After spending an entire episode setting up a bootstrap paradox, this episode chooses to ignore the song in question entirely and focus in stead on where Kagari was during that missing time. I kind of wonder if they intend to get back to it or not at this point.
Steins;Gate 0 continues to be a bit odd in that even at this midway point we seem a little short on an actual focus. The original series by the midway point made it clear what the overall goal was going to be and then it just had to accomplish that goal and iron out the wrinkles that achieving the goal created. Here, I’m not sure what anyone is actually trying to accomplish. At first it seemed Okabe wanted to maintain his status quo having decided to sacrifice Kurisu for Mayuri (which is what put them in this timeline), but now he is actively seeking out Kagari’s past and generally involving himself in things that are undoubtedly going to change his realty whether he wants them to or not.
It is even harder to get a read on characters like Daru and Suzuha who at times seem to have tunnel vision on their goals, and yet Suzuha, for all her drive and focus, doesn’t seem to be actually making much progress to achieving anything at this point. Mayuri is still just kind of floating along, as are most of the others who hang around in the lab these days and honestly I’d be hard pressed to say what any of them are actually trying to do in this story.

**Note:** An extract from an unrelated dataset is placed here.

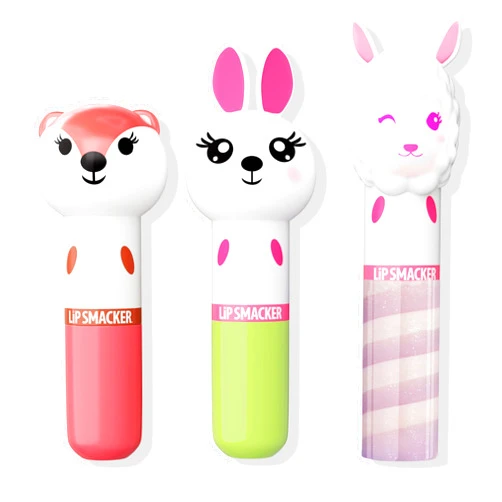 Lip Smacker Lippy Pals, Unicorn, Panda, Kitten, Lip balm for Kids - Foxy Apple, Hoppy Carrot Cake, Strawberry Llama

Then there’s the disconnect between the intense focus on finding out the source of the song last week and then this week it isn’t mentioned at all. Mozart has come back and music in general still remains significant and is firmly linked to Kagari, but what the connection is hasn’t been established and how any of this connects to the whole AI Kurisu from the majority of the earlier episodes is also pretty unclear at this point.
While there’s definitely hope that the second half of this might sort itself out, at this point I’m still just kind of curious but not really as into it as I’d like to be.